There are a number of bridges where I live that cannot handle a truck with trailer. They have large signs warning what the maximum load is.

They are mostly on rarely used roads in farm country (as in a handful of cars per week cross), so a truck with lime is one of the more likely potential loads, but of course the local farmers know that bridge can't handle the weight of a truck and plan their deliveries to take a different route (which often more than doubles the trip time vs if the bridge could handle the weight)

The problem comes when those type of bridges don't collapse the first time someone overloads them; then people start using it because "eh it works" and eventually it fails.
Is there some well established way to make some very visible but not structural part of a bridge to collapse after an overload, to scare people and make them report the problem?
You probably could, but the amount of engineering and cost required would be simpler to just replace the bridge with a stronger one.

Often these "car only" country bridges are just some large wooden beams over a creek; even a simple concrete culvert replacement would be truck-proof.

Some of them do things like this: https://www.alamy.com/stock-photo-small-car-suv-crossing-the...

A really simple catch all, that isn't quite accurate for all cases would be to put a sign over the top of such a bridge,that limits the height of vehicles crossing, excluding trucks with the tall trailers. Would not work for loads that aren't tall though.
I would have thought a few strain gauges, maybe some logic to filter false positives (if that's a risk) and a light would do a reasonable job.
Wait until you see the known issues and reports on bridges in the US that did collapse. Nobody monitors this stuff even on important ones.
Here that doesn't seem to be the case. If you look at the western approach to the bridge in StreetView (which is from 2019, the eastern part has imagery after the collapse), there is no weight limitation sign to be seen.
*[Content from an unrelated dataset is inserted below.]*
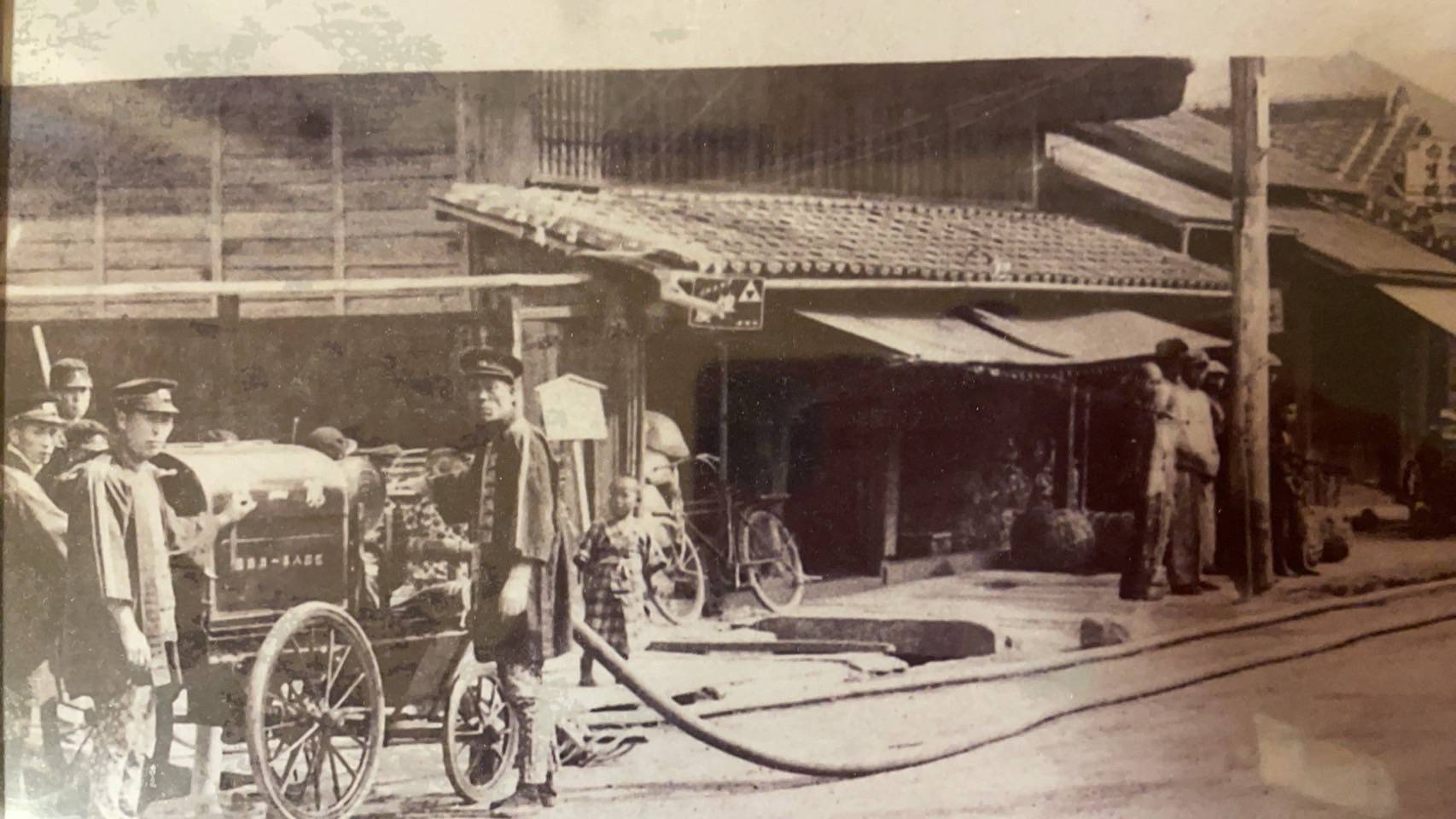 90年前の店舗前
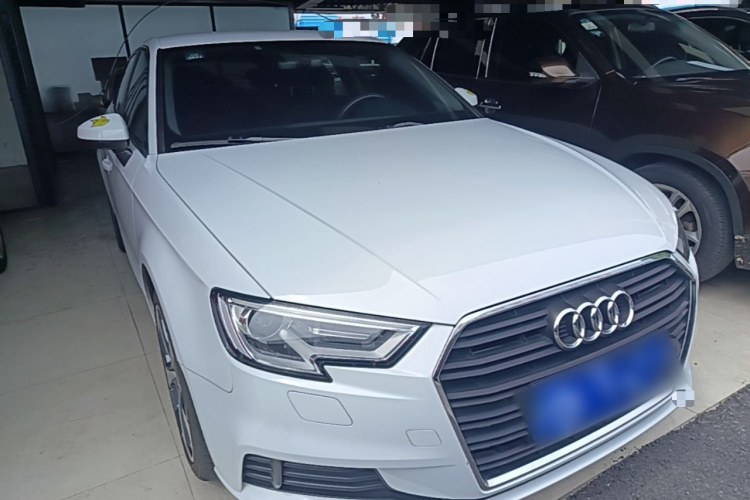 Audi A3 2019 immagine di auto #4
As such, you would expect the bridge to be able to carry the load in the worst case scenario of both lanes being filled to capacity with heavy vehicles, so failing because of one single truck and one or two cars is really bad...
Reaction: +1...but there is still an "on any public road or bridge" weight limit for trucks, buried somewhere in Norway's regulations for trucking & highways.
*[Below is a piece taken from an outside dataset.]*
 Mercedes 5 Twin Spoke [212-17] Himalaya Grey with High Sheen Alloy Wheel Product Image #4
The stereotype would be that the law-abiding Norwegian truckers are always careful to keep their trucks below the legal weight limits...but stereotypes aren't always true.

This Norwegian bridge is practically brand new.

Are these bridges you are referring to from your area really old and poorly maintained bridges?

Mostly, some date back to the 1800s. Some are a bit more modern, but still mid 1900s. Though in farm country it isn't unheard of to save money buy not building one up to the weight of a loaded truck. For that matter, there are farmers who run more than max weight of the road (this is sometimes even legal, it damages the roads, but replacing a road a bit early is considered cheaper than building to higher capacity - bridge weight limits cannot legally be exceeded though, and farmer going overweight know where they can't go)
I read it to imply there was a design or construction problem that meant the part that failed experienced much more load than intended.